Entries taken from a collection
• • •

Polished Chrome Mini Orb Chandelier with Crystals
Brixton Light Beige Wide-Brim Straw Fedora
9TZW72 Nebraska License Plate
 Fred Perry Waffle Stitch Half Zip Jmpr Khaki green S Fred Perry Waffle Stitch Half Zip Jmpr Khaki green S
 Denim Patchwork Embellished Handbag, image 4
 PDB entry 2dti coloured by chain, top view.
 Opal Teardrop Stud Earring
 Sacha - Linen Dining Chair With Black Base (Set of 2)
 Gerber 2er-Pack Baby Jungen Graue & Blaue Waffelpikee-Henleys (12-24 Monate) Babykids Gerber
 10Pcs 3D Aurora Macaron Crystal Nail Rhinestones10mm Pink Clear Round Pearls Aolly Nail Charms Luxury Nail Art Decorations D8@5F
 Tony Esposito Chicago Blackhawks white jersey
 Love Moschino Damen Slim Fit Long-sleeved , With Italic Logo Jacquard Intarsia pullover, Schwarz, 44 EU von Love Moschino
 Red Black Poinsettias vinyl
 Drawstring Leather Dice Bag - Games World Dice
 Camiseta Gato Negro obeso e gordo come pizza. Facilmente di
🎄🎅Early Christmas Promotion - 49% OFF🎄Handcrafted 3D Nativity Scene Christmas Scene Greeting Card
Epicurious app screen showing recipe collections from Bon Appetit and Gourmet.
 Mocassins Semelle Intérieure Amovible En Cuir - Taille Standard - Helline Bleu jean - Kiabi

• • •

Work required: Above are the entries. Copy exactly the part that opens with the line containing "9TZW72 Nebraska License Plate" and closes with the line containing "Camiseta Gato Negro", and no more.

Exercise answer:
9TZW72 Nebraska License Plate
 Fred Perry Waffle Stitch Half Zip Jmpr Khaki green S Fred Perry Waffle Stitch Half Zip Jmpr Khaki green S
 Denim Patchwork Embellished Handbag, image 4
 PDB entry 2dti coloured by chain, top view.
 Opal Teardrop Stud Earring
 Sacha - Linen Dining Chair With Black Base (Set of 2)
 Gerber 2er-Pack Baby Jungen Graue & Blaue Waffelpikee-Henleys (12-24 Monate) Babykids Gerber
 10Pcs 3D Aurora Macaron Crystal Nail Rhinestones10mm Pink Clear Round Pearls Aolly Nail Charms Luxury Nail Art Decorations D8@5F
 Tony Esposito Chicago Blackhawks white jersey
 Love Moschino Damen Slim Fit Long-sleeved , With Italic Logo Jacquard Intarsia pullover, Schwarz, 44 EU von Love Moschino
 Red Black Poinsettias vinyl
 Drawstring Leather Dice Bag - Games World Dice
 Camiseta Gato Negro obeso e gordo come pizza. Facilmente di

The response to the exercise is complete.